La otra gran película venida de oriente es R100 de Hitoshi Matsumoto. Este japonés es uno de los pocos cineastas en activo capaz de sorprenderte en cada película y si me apuran en cada plano. Tras DaiNiponjin (2007) Symbol (2009) y Scabbard Samurai (2011) nos propone una cinta que parte de una idea literalmente deslumbrante: un gris vendedor de muebles firma un contrato con un misterioso burdel sadomasoquista cuya singularidad es que las dominatrix pueden atacarle en cualquier momento de su vida normal. Es hilarante las situaciones que Matsumoto arma a partir de esta premisa y lo es aún más el discurso metacinematrográfico que articula tras media hora de película. Delirante, haciendo estilo de lo cutre, utiliza dramática y brillantemente el “efecto ardilla” incluido en el programa “Photo boot” preinstalado en los MacBook Pro.

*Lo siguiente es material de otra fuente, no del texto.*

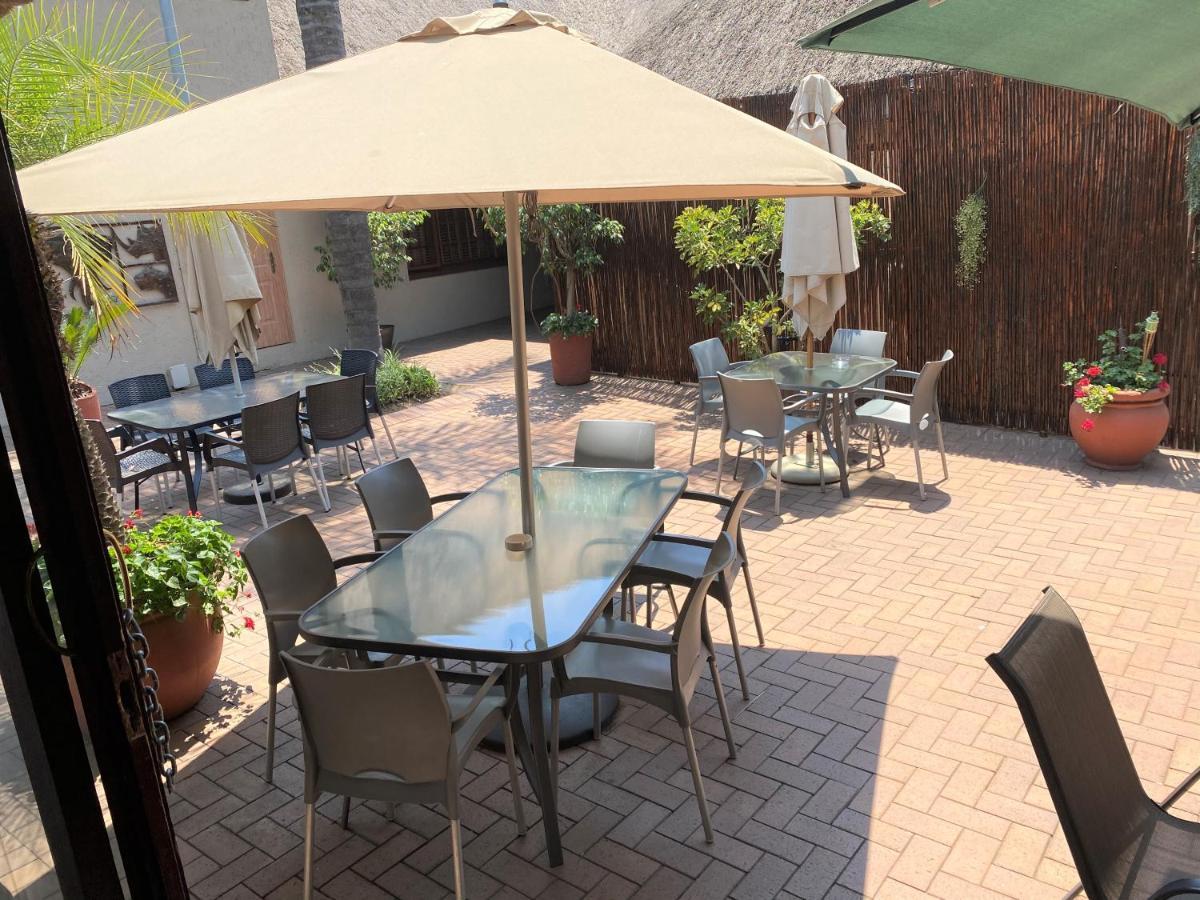 Safari Club Guest Lodge Or Tambo International Airport Kempton Park Luaran gambar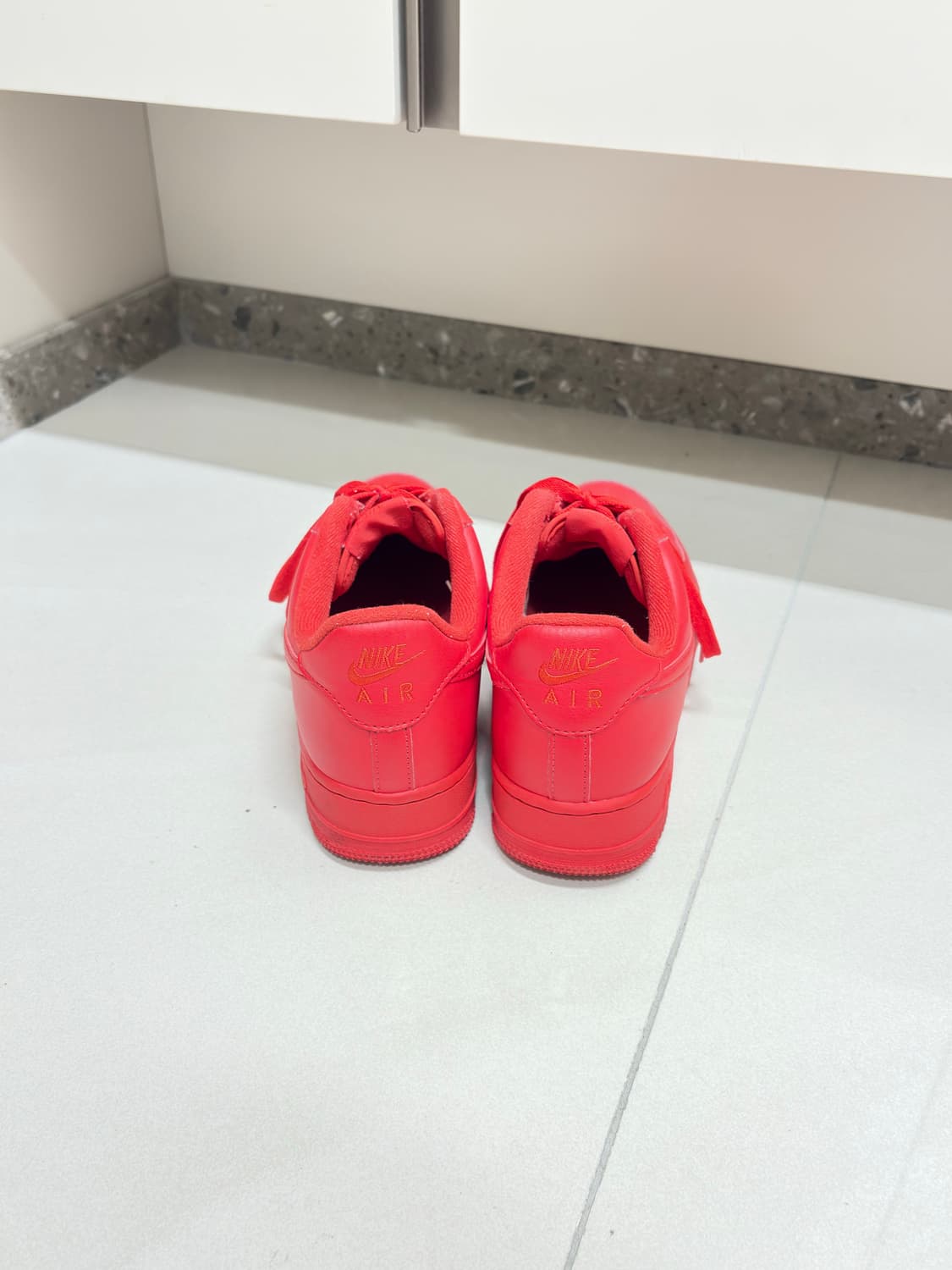 나이키 에어포스원 07 LV8 로우 트리플 레드 [280] 상품이미지4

En el reverso de ambas propuestas está The Midnight after de Fruit Chan, realizador de la muy perturbadora Dumplings (2005). La película es un despropósito desbordante de insoportable humor amarillo que parte de una premisa argumental a la que se le podría haber sacado algún partido. Un grupo de variopintos personajes que coinciden en un autobús urbano en Hong Kong se convierte en los únicos pobladores de esta ciudad al salir de un túnel. Lamentablemente, esta mezcla de Lost de J.J Abrams (2004-2010) y The we and the I (2012) de Michel Gondry funciona cada vez peor según avanza su proyección y los gritos de sus actores se hacen más y más desquiciantes.
También chillan fuera de todo control los actores de One on One el decepcionante nuevo trabajo del otrora brillante Kim Ki-duk, una estupidez mal interpretada y peor dirigida que nos hace añorar las películas de este hombre previas a su león de oro en Venecia con Pietá (2012).